Il sito di immersione, che è ben conosciuto dai diving center locali, si espande per un raggio di 50 metri ad una profondità variabile dai 15 ai 34 metri. Durante le riprese video, realizzate dalla Soprintendenza del Mare, sono stati rilevati un’ancora ammiragliato a una profondità di 27 metri, un ceppo di ancora romana a 34 metri, due ancore litiche a 28 metri, una di forma sferica a goccia e una a forma esagonale, un’ancora di ferro a forma di croce - possibilmente tardo romana - a 27 metri e, infine, un’anfora in perfetto stato di conservazione del tipo Dressel 1C a 31 metri di profondità. Il paesaggio sommerso è costituito da roccia e Posidonia con alcuni anfratti e grotte facilmente visitabili dai subacquei. Alla missione erano presenti la Soprintendente Valeria Li Vigni assieme a Ferdinando Maurici e Pietro Selvaggio. «Sul sito – dice la Soprintendente Li Vigni - abbiamo effettuato anche visite guidate dai sub della SopMare su segnalazione del diving, riscontrando ancore di diverse tipologie, tra cui un’ancora Dressel 1A. La ricognizione ci fa ben sperare anche sulla possibilità di definire un nuovo e ulteriore itinerario che andrebbe ad arricchire l’offerta della fruizione del patrimonio sommerso di Marettimo». L'unico esistente, quello dei Cannoni, si trova dall'altra parte dell'isola, non è facilmente raggiungibile, soprattutto in caso di mare mosso. Questo diventerà quello facilmente accessibile a tutti.

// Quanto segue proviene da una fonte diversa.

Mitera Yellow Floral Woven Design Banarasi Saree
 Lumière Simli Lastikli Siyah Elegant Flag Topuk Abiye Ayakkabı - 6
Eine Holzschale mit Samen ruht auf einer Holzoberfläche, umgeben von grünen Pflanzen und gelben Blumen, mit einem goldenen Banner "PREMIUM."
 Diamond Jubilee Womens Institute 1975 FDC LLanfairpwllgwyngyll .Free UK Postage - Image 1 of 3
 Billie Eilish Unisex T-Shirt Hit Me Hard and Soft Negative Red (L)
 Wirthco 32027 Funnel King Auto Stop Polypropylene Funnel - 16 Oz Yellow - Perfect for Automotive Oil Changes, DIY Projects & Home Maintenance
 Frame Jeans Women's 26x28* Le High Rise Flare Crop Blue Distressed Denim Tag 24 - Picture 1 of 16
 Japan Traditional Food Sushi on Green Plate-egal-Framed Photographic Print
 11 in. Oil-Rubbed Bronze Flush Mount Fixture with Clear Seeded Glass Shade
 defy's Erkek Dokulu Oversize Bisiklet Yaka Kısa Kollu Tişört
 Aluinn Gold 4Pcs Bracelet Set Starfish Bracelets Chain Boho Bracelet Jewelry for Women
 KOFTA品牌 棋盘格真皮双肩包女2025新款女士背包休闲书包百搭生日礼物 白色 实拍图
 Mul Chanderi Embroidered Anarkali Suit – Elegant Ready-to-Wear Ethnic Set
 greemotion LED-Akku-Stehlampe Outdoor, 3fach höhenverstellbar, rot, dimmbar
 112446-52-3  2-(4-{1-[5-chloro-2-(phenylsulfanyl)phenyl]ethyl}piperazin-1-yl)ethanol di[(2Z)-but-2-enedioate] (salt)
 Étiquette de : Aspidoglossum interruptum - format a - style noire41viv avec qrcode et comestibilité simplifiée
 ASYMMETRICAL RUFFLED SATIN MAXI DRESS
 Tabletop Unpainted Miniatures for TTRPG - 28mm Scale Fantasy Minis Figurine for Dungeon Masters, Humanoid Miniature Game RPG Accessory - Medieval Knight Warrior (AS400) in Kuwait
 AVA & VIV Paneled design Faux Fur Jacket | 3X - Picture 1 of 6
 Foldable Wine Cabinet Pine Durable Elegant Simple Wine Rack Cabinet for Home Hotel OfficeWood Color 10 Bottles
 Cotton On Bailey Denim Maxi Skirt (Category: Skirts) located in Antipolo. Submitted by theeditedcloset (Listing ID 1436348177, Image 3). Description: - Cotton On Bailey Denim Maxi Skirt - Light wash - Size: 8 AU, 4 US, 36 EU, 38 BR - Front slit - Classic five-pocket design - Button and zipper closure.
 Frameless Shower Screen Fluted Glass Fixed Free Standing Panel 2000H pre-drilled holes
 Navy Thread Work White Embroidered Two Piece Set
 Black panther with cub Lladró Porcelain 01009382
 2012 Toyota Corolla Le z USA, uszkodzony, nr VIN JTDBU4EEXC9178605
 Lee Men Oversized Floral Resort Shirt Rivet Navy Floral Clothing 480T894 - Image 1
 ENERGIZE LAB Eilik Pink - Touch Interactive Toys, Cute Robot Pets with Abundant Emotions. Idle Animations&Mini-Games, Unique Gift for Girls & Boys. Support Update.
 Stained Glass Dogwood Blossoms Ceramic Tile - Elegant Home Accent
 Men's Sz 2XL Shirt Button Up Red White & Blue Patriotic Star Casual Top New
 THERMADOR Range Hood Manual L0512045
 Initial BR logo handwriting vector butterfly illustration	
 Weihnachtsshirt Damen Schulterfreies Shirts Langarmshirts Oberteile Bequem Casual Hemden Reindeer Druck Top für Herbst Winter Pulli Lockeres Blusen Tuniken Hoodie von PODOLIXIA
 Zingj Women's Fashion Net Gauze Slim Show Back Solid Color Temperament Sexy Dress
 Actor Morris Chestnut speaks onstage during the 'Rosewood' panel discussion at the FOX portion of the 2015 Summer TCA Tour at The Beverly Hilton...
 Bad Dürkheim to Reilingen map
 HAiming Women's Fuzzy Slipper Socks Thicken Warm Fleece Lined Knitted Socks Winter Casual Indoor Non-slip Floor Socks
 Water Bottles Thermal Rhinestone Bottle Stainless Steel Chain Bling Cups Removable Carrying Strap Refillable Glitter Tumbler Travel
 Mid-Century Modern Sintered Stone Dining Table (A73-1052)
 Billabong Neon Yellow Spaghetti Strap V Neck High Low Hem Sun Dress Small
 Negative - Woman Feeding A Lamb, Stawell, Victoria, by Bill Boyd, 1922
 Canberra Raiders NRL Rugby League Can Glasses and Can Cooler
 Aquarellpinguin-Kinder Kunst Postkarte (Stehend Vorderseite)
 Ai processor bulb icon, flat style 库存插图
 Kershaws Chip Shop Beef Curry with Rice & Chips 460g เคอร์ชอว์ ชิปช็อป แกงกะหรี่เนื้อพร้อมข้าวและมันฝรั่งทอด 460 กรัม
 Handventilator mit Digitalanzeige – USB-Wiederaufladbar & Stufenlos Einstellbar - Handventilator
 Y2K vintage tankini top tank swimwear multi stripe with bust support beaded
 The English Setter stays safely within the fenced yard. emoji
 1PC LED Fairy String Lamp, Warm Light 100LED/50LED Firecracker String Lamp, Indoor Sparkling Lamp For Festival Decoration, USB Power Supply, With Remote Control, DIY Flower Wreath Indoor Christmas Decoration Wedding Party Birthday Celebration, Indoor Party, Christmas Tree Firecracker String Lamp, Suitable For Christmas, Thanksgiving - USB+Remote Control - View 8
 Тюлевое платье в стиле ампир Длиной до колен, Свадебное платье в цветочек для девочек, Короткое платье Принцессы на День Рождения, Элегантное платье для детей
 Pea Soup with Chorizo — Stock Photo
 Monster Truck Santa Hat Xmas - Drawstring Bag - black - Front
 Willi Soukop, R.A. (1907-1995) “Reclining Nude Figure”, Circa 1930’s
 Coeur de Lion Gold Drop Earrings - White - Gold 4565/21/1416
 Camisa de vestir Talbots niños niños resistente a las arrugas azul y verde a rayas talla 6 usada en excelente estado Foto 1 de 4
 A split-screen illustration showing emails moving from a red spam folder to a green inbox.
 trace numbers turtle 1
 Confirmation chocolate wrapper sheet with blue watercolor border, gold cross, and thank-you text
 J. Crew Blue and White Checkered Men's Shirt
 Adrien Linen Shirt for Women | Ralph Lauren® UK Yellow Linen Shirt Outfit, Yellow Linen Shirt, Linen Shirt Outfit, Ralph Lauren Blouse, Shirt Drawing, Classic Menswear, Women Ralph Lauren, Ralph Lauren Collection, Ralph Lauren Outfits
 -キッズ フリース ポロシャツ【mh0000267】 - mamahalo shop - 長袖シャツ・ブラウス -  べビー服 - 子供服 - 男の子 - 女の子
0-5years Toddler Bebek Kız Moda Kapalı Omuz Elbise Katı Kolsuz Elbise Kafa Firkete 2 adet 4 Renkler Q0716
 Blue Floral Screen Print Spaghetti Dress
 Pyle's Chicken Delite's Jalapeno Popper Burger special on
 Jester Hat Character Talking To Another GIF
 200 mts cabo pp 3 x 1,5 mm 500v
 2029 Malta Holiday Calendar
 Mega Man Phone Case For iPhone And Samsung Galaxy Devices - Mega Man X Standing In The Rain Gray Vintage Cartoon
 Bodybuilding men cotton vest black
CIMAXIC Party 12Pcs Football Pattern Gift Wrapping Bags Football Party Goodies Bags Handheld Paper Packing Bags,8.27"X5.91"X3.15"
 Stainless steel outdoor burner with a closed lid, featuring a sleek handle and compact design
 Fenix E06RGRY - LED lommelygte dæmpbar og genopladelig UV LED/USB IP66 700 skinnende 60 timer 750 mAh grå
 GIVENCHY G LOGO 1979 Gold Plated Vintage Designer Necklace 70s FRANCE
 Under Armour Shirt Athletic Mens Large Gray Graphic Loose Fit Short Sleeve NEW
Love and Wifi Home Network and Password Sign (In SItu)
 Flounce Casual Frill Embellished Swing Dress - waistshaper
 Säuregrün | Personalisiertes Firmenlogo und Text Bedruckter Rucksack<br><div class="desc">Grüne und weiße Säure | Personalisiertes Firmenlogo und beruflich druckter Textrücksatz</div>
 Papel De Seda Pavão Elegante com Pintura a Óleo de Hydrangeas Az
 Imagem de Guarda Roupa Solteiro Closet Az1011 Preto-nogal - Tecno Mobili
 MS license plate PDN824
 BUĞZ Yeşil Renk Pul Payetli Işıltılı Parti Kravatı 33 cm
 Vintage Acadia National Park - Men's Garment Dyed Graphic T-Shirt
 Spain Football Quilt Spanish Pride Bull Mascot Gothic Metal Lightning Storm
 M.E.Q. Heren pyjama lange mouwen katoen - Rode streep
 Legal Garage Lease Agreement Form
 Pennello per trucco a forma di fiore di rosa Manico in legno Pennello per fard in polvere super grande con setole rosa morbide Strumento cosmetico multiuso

Perché tenere i reperti in mare

La scelta di mantenere i tesori nei fondali segue la linea di gestione indicata già da Sebastiano Tusa, l'ideatore della Soprintendenza del Mare. Lo spiega la stessa Valeria Li Vigni, consorte  dell'archeologo scomparso nell'incidente aereo di due anni fa in Etiopia. «La sua idea - dice - è di rendere fruibili i reperti archeologici sommersi con i percorsi subacquei, quando questi sono a profondità facilmente raggiungibili. Diverso è il caso dei rostri di Levanzo, trovati a profondità enormi, 95 o 100 metri. In quel caso li preleviamo, perché è impossibile che si vada in immersione fino a quelle profondità. Ma se come nel caso di Marettimo troviamo delle anfore o delle ancore a bassa profondità, riteniamo che sia giusto mantenerle in sito».

Il rapporto con i diving

Come negli altri percorsi archeologici sommersi, ogni reperto verrà illustrato dalle didascalie, l'itinerario sarà poi affidato alla sorveglianza dei privati, ovvero i diving center del territorio. «La possibilità di portare i visitatori a vedere i reperti archeologici diventa un valore aggiunto nell'immersione - spiega la Soprintendente del Mare - ed è per questa ragione che i diving hanno tutto l'interesse a tutelare la sicurezza del sito». L'obiettivo è contrastare un passato fatto di razzie. Già Tusa aveva cominciato con un'opera di sensibilizzazione collettiva nei confronti dei predatori del mare. «Aveva scelto la musealizzazione in sito - prosegue Valeria Li Vigni - per evitare di riempire i magazzini di reperti in attesa di spazi espositivi». Ma per farlo aveva bisogno di mettere fine all'epoca delle appropriazioni indebite, come quella - la più nota - del rostro numero 1 della battaglia delle Egadi (prima guerra punica), che un pescatore aveva ritrovato nelle sue reti e aveva donato a un dentista di Trapani in cambio di una prestazione professionale. Oggi l'assistenza del sistema marittimo è un risultato pressoché acquisito. La SopMare tuttavia ha studiato un progetto di antifurto, un sistema Sonic Imprint, alimentato attraverso pannelli solari. Una leggera pressione non fa scattare l'allarme, ma un prelievo del reperto sì. Come in un museo terrestre. Il mare siciliano diventa piano piano un enorme museo archeologico.